Il negoziato si riaccende infatti su un capitolo che tratta di politica regionale, un tema che, di per sé, non dovrebbe comportare particolari divergenze e quindi un capitolo volto più che altro a favorire la ripresa del dialogo, anche se ancora non si sa verso quali traguardi politici.

La Turchia è un grande Paese di circa 80 milioni di abitanti in prevalenza musulmani e di cui circa la metà ha meno di 30 anni, si estende come un ponte fra Europa e Asia, ha una crescita economica che, malgrado la crisi, registra circa il 3,6% nel 2013 ed infine è membro della NATO. Una posizione che, se da una parte lascia perplessi alcuni Stati membri sulla vocazione europea della Turchia, dall’altra la ripresa del dialogo e del negoziato interroga sulla politica di allargamento e sulla volontà politica dell’Unione Europea di cogliere tutte le opportunità che una tale adesione può comportare. In tre anni di sospensione dei negoziati infatti, molti sono stati i cambiamenti avvenuti sullo scacchiere internazionale, a partire  dalle ricadute delle Primavere arabe agli immediati confini meridionali dell’Unione. Ricadute che non solo hanno portato pericolose instabilità, nuovi rapporti e ricerche di egemonie regionali, ma che hanno nello stesso tempo rivelato il ruolo della Turchia in quanto possibile anello di congiunzione fra l’Europa e quella parte di Mediterraneo su cui si dovrebbero costruire, in futuro, nuovi, necessari e più articolati rapporti.

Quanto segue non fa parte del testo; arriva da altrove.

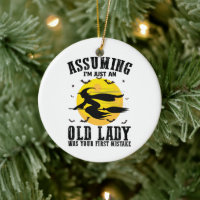 Angenommen, ich wäre nur eine alte Dame, war deine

La Commissione europea saluta, nel suo rapporto, i progressi fatti dalla Turchia sul piano della democrazia, ma i temi dello Stato di diritto, dei diritti dell’uomo e delle minoranze, della libertà d’espressione e il riconoscimento di Cipro rimangono i punti più problematici e sui quali la Turchia ha ancora strada da fare.

Restano tuttavia aperti i grandi quesiti su come dovrà attrezzarsi l’Europa per portare avanti i cantieri aperti sul suo futuro allargamento, a partire anche dai Paesi dei Balcani. Quesiti  che dovrebbero trovare già tentativi di risposte e andare coerentemente di pari passo con il progredire dei vari negoziati: quale sarà ad esempio l’assetto istituzionale e il percorso decisionale all’interno della futura Unione? Quale legittimità democratica e quali trasferimenti di sovranità nazionale perché l’Unione non continui a cadere in un vistoso immobilismo o in un sempre più insignificante ruolo di fronte all’emergere di nuovi attori internazionali? Quali lezioni trarre dalle ultime adesioni, dove i criteri di Copenhagen (democrazia, governante economica, Stato di diritto) sembrano fermarsi al momento dell’adesione e sfuggire poi al controllo della stessa Unione? Quale ruolo, a partire proprio dai suoi valori costitutivi, sarà in grado di svolgere l’Unione Europea così fortemente proiettata su una scena internazionale in rapido movimento ed economicamente sempre più globale?

Sono domande legittime che i cittadini europei. Sulle loro risposte si decide non solo il futuro dell’Unione, ma anche quello di quei Paesi che, anche se non in un futuro ravvicinato, aspirano ad entrare nella famiglia europea.